9. Il résulte de ce qui précède qu’il y a lieu de suspendre l’exécution de l’arrêté du 12 août 2025 du maire de Guînes en application de l’article L. 521-1 du code de justice administrative.
Sur les conclusions aux fins d’injonction :
10. Aux termes de l’article L. 911-2 du code de justice administrative : « Lorsque sa décision implique nécessairement qu’une personne morale de droit public (…) prenne à nouveau une décision après une nouvelle instruction, la juridiction, saisie de conclusions en ce sens prescrit, par la même décision juridictionnelle, que cette nouvelle décision doit intervenir dans un délai déterminé ».
11. Lorsque le juge suspend un refus d’autorisation ou une opposition à une déclaration après avoir censuré l’ensemble des motifs que l’autorité compétente a énoncés dans sa décision conformément aux prescriptions de l’article L. 424-3 du code de l’urbanisme ainsi que, le cas échéant, les motifs qu’elle a pu invoquer en cours d’instance, il doit, s’il est saisi de conclusions à fin d’injonction, ordonner à l’autorité compétente de délivrer l’autorisation ou de prendre une décision de non-opposition. Il n’en va autrement que s’il résulte de l’instruction que les dispositions en vigueur à la date de la décision ainsi suspendue interdisent de l’accueillir pour un motif que l’administration n’a pas relevé, ou que, par suite d’un changement de circonstances, la situation de fait existant à la date de l’ordonnance y fait obstacle. La décision de l’administration prise en exécution de cette injonction ne revêt toutefois qu’un caractère provisoire dans l’attente du jugement à intervenir sur la requête tendant à l’annulation de l’autorisation d’urbanisme ou de la déclaration préalable en cause.

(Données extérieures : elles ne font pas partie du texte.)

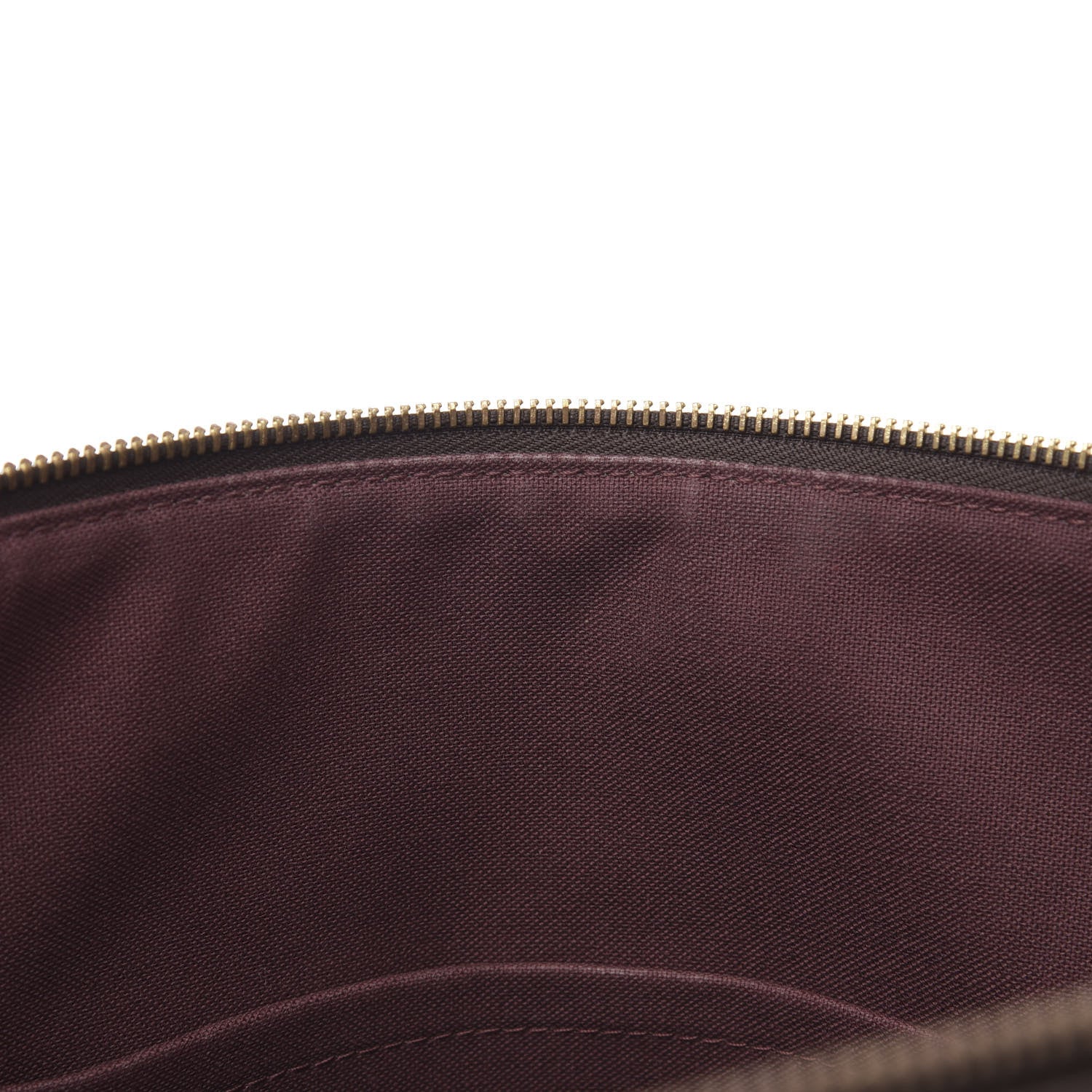 Louis Vuitton Monogram Iena MM 13 of 13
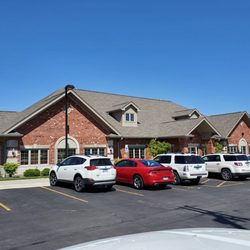 Pinnacle Dermatology - Orland Park - Orland Park offices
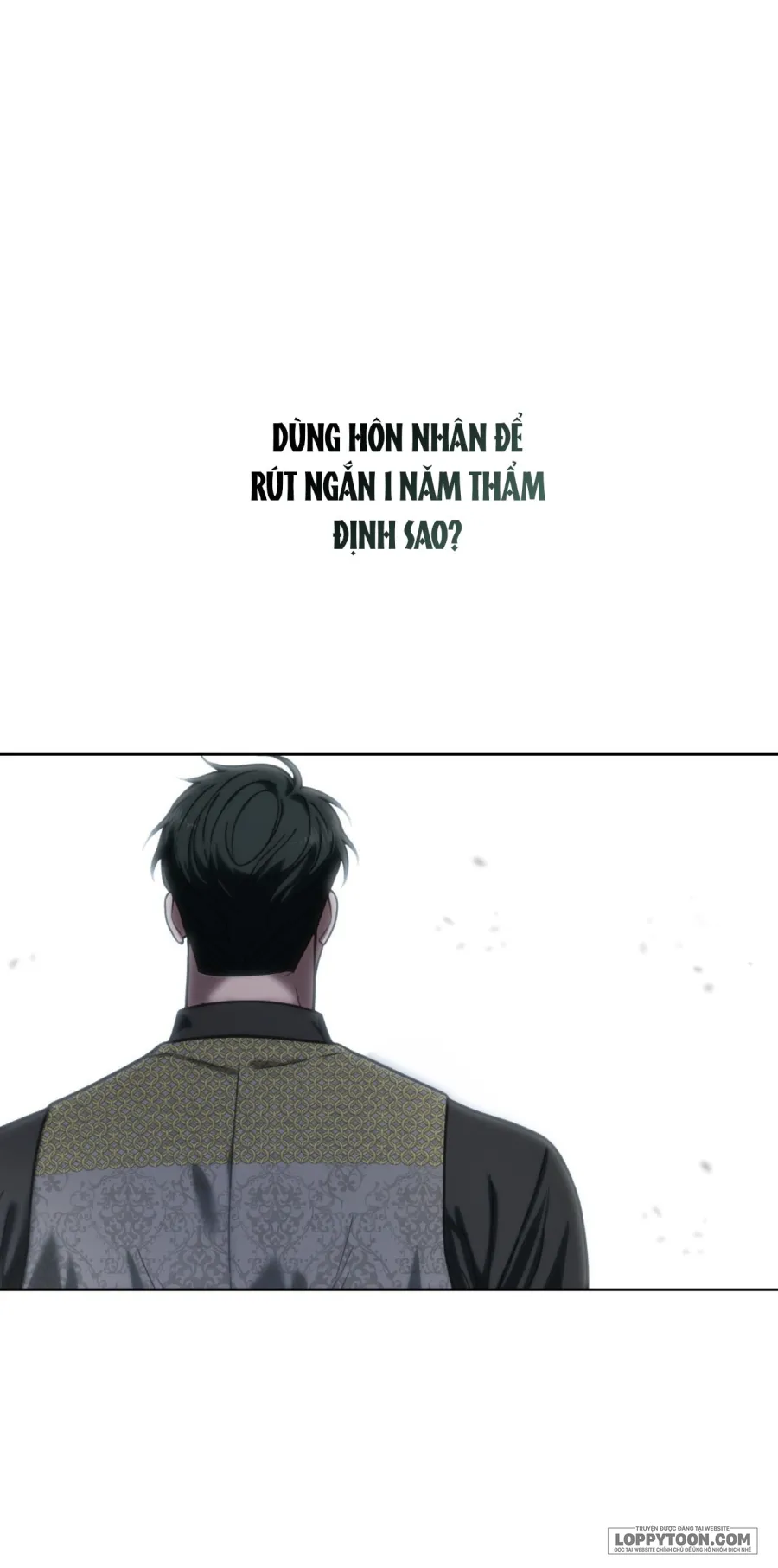 Sự Tàn Khốc Mang Tên Chuộc Tội - Chap 7 - Trang 19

12. En l’espèce, il ne résulte pas de l’instruction que les dispositions en vigueur à la date de la décision suspendue interdiraient que la demande puisse être accueillie pour un motif que l’administration n’a pas relevé, ou que, par suite d’un changement de circonstances, la situation de fait existant à la date de la présente ordonnance y ferait obstacle. Par suite, il doit être enjoint au maire de la commune de Guînes, par une décision qui revêtira un caractère provisoire jusqu’à ce qu’il soit statué au fond sur la requête en annulation de la décision attaquée, de prendre une décision de non-opposition à la déclaration préalable déposée par la SAS Hivory, dans un délai d’un mois suivant la notification de la présente ordonnance.
Sur les conclusions présentées au titre de l’article L. 761-1 du code de justice administrative :
13. Les dispositions de l’article L. 761-1 du code de justice administrative font obstacle à ce que soit mis à la charge de la société requérante, qui n’est pas, dans la présente instance de référé, la partie perdante, le versement à la commune de Guînes d’une somme au titre de ces dispositions.

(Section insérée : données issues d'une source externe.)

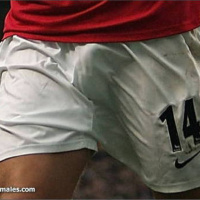 Stop Messin About! *2006!*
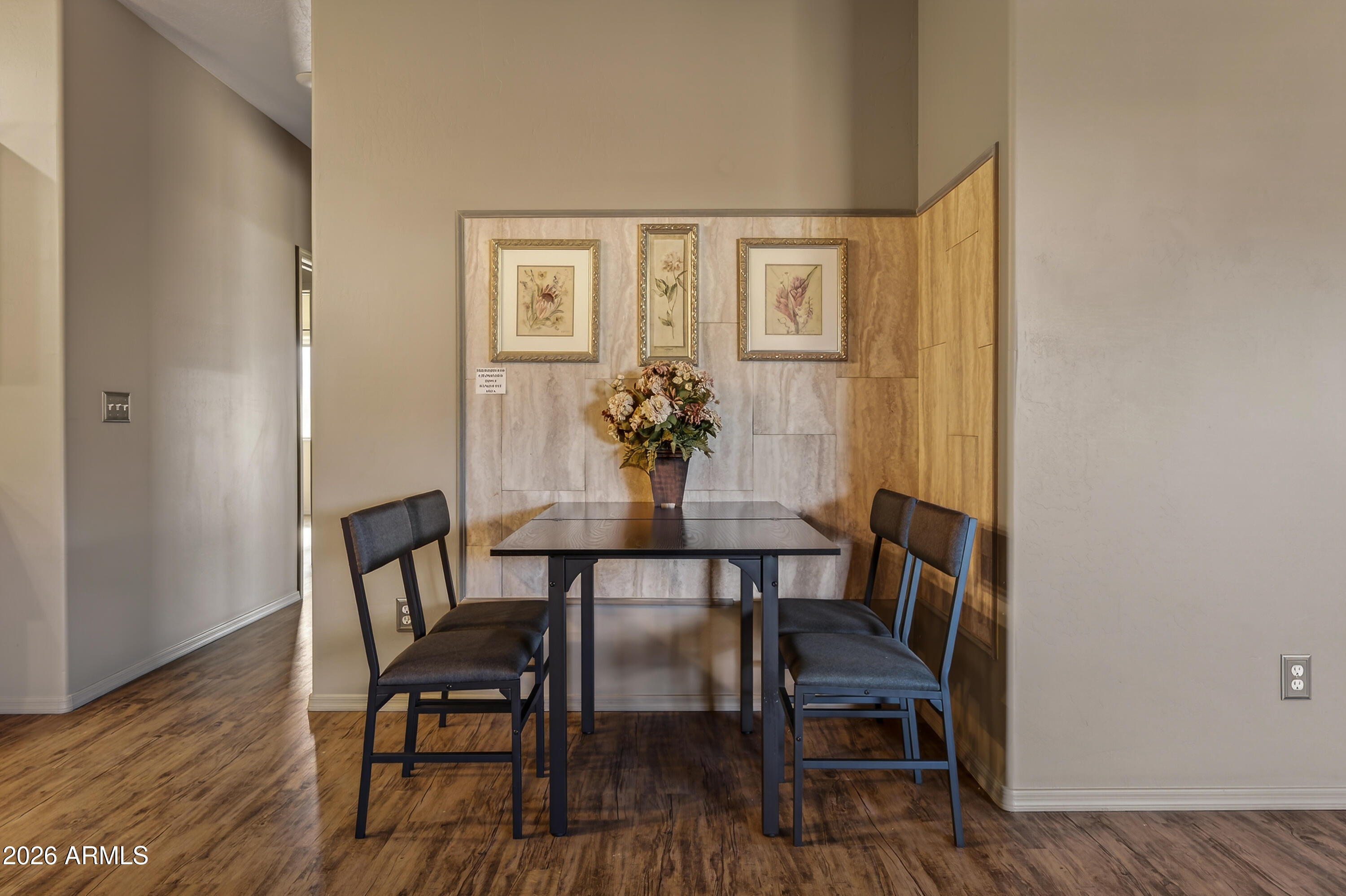 661 SHADOW CANYON Drive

14. Il y a, en revanche, lieu, dans les circonstances de l’espèce, de mettre à la charge de la commune de Guînes le versement à la société requérante de la somme de 800 euros au titre des mêmes dispositions.
O R D O N N E :
Article 1er : L’exécution de l’arrêté du 12 août 2025 du maire de Guînes est suspendue.

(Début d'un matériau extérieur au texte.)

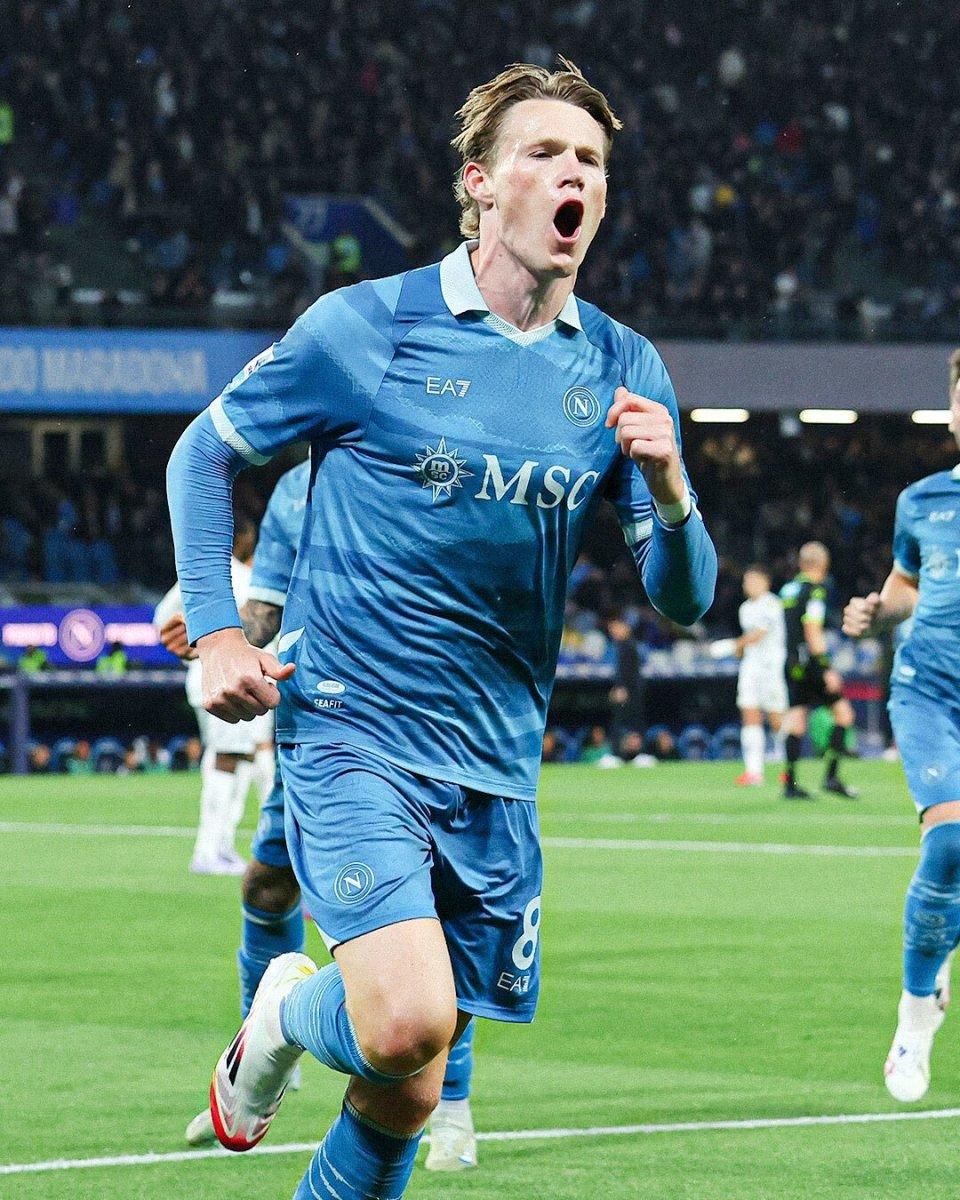 那不勒斯主帅战术大改,球队表现焕然一新的简单介绍 那不勒斯主帅战术大改,球队表现焕然一新的简单介绍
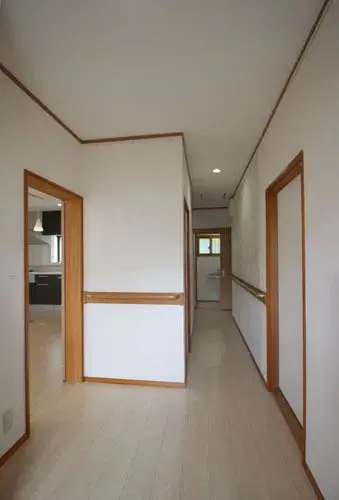 4LDK Property Kashihara City Nara Prefecture (10)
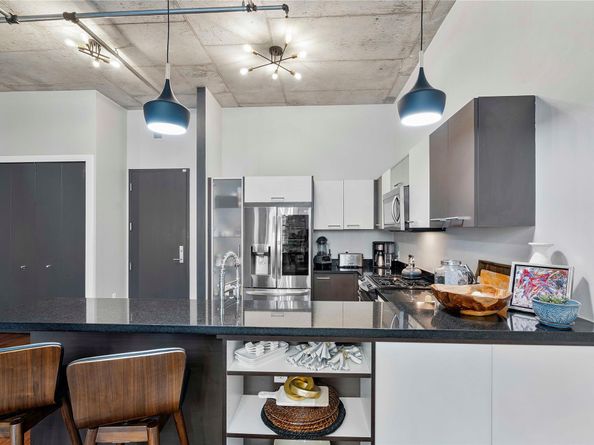 411 NW 1st Ave 303, Fort Lauderdale FL 33301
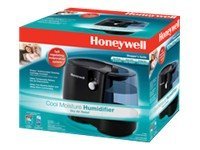 HW Cool Moisture Humidifier                                                                                                      at mygofer.com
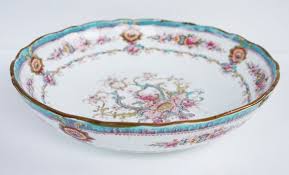 We did not find results for: Vintage Bowl Earthenware Royal Cauldon England Pattern 4400 Vintage Bowls Earthenware Bowl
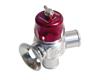 Turbosmart Evo X Dual Port BOV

Article 2 : Il est enjoint au maire de Guînes de délivrer, à titre provisoire, une décision de non-opposition à la déclaration préalable déposée par la SAS Hivory dans le délai d’un mois à compter de la notification de la présente ordonnance.
Article 3 : La commune de Guînes versera à la société Hivory la somme de 800 euros en application de l’article L. 761-1 du code de justice administrative.
Article 4 : Les conclusions présentées par la commune de Guînes au titre de l’article L.761-1 du code de justice administrative sont rejetées.
Article 5 : La présente ordonnance sera notifiée à la société Hivory et à la commune de Guînes.
Fait à Lille, le 19 novembre 2025.
La juge des référés
signé
I. Legrand
La République mande et ordonne au préfet du Pas-de-Calais, en ce qui le concerne et à tous commissaires de justice à ce requis en ce qui concerne les voies de droit commun, contre les parties privées, de pourvoir à l’exécution de la présente ordonnance.